А кто-то еще обретает покой в холуйском восторге перед отечеством.
(Перевод А. Драгомощенко)
Милоша с Выкой и с Анджеевским объединяла глубокая критика довоенных польских властей, которые «в похвальбу заменили то, что могло быть славой» — и недоверие к действиям правительства в эмиграции [23]. Это не подвигло его ринуться в бой, который он считал ввязыванием в конфликт между безжалостным захватчиком и бессильным и слепым руководством. Вслед за Бжозовским Милош отрицал «традиционный для поляков перенос политики в область нравственных оценок» и принимал «ответственность каждой личности, понимая под „действием“, имеющим реальные социальные последствия, и стихотворную строку, и одинокое мышление, если только оно не сводится к мечтательности, то есть обладает потенциальной способностью преодолеть сопротивление реальности и облечь себя в форму» (CWS, 27, 30).
Таким образом, Милош занимался своим творчеством, поддержкой творчества других и вопросами сохранения национальной культуры. В беседах с молодыми, «опьяненными идеологией мальчиками» из «Искусства и нации» он чувствовал себя, вместе с двумя своими приятелями, человеком старшим, опытным и ответственным (ZPW, 112). Он искал здравомыслия, не говоря уже о внутренней свободе, условием которой было не поддаваться инстинктивному «желанию очищения, искупления грехов, разделения судьбы униженного и несчастного народа» (ZW, 17).
После начального периода войны его воодушевление угасло. И в этом литературовед Ян Блонский видит разницу между ним и Анджеевским, между поисками Милошем внутренней свободы в условиях порабощения и внешнего унижения и экзальтацией Анджеевского. Война, оккупация были ужасом и страданием, но прежде всего унижением. Против унижения был выставлен защитный мистико-романтический символический аппарат, превращавший лишения в самопожертвование, унижение — в заслугу перед народом, а слабость — в силу. Для Милоша это означало забвение реальности.
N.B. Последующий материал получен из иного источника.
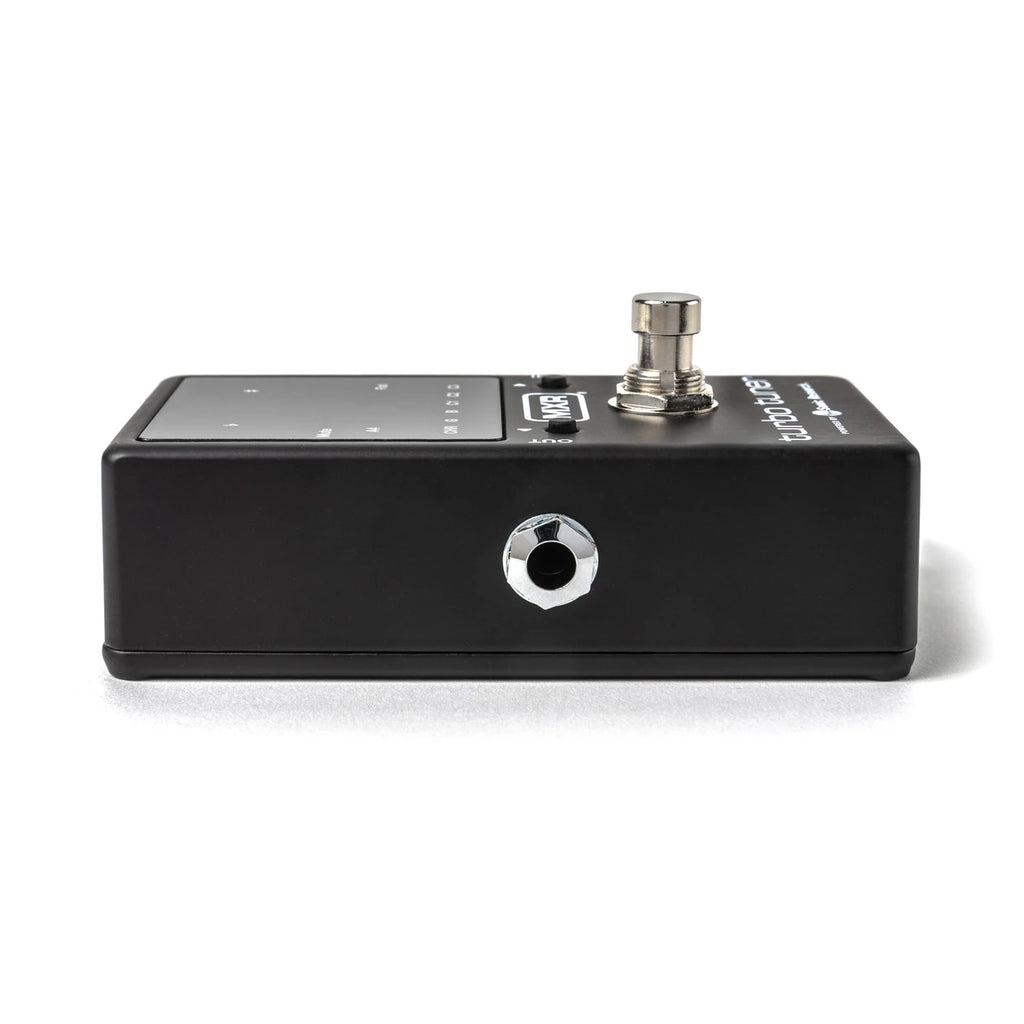 MXR Turbo Tuner guitar effects pedal with LED display and footswitch, designed for accurate pitch tuning on electric guitars.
В ситуации военного давления сохранять подобную независимость было исключительно трудно. К тому же Милош испытывал и вну-тренние трудности, ведь вопросы чести, самопожертвования, общей борьбы были ему так же понятны, как и любому другому человеку, воспитанному в польской культуре. Его позиция вызывает почти машинальный протест, и даже сегодня, в мирной и безопасной ситуации, его колебания и сомнения редко прочитывают в его пользу. Казалось бы, по прошествии стольких лет можно принять к сведению, что оккупационная действительность не была черно-белой, что абсолютные нравственные маркеры в отношении нее следует использовать осторожно, что погибшие, возможно, не более правы, чем выжившие. И что беспрецедентное поражение Варшавского восстания подтвердило правоту двойственного отношения, какое испытывали к нему Милош и другие. Но осторожность и дистанция — не самая распространенная позиция в нашем восприятии войны. А позиция Милоша нетипична: как я уже говорила, польская культура не жалует ни индивидуализм, ни гражданскую ответственность. Милош посвятил себя личным обязательствам, и сегодня нам есть за что его благодарить.
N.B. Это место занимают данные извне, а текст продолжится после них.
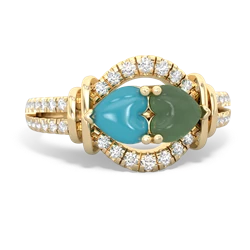 Turquoise Art-Deco Keepsake 14K Yellow Gold ring R5630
III. Восстание и сила павших
История нарастаетВ уже упомянутом стихотворении «Баллада» мать Тадеуша Гайцы, «навечно двадцатилетнего» поэта, возвращаясь с кладбища, жалуется:
Памятники стали по Варшаве,
Твое имя не выбито на камне.
Только мать, пока жива еще, припомнит,
Как смешон ты был и прямо как ребенок.
(Перевод Н. Горбаневской)
А поэт как бы от себя добавляет:
Под землею Гайцы — не узнает.
Что Варшава битву проиграла.
Это один из множества моментов, в которых Милош возвращается к Варшавскому восстанию. Когда оно началось, поэт находился в пригороде, в центр пробраться не пытался. Он был противником восстания, но всю жизнь оправдывался за свое неучастие в нем в интервью и статьях, в стихах и прозе. Вместо того чтобы затихнуть, эта история — вновь процитирую Бялошевского — «нарастает» [61]. Само обсуждение целесообразности восстания становится преступлением против солидарности с павшими. Признание их жертвы напрасной порождает нравственный диссонанс. Вопрос о целесообразности является инструментальным, разговор о самопожертвовании — нормативным. А поскольку восстание завершилось катастрофическим поражением, эти два подхода к нему находятся в противоречии. Вопросы политики, последствий, подсчет потерь вынесены за рамки дебатов. На первый план в нынешней версии восстания выходит геройская смерть. Ее созерцание готовит к будущему выбору такой смерти, поскольку прививает иерархию ценностей, в которой жертвование жизни на благо общества имеет первостепенное значение. В контексте сомнения в такой целесообразности жертвы неизбежно стигматизируются.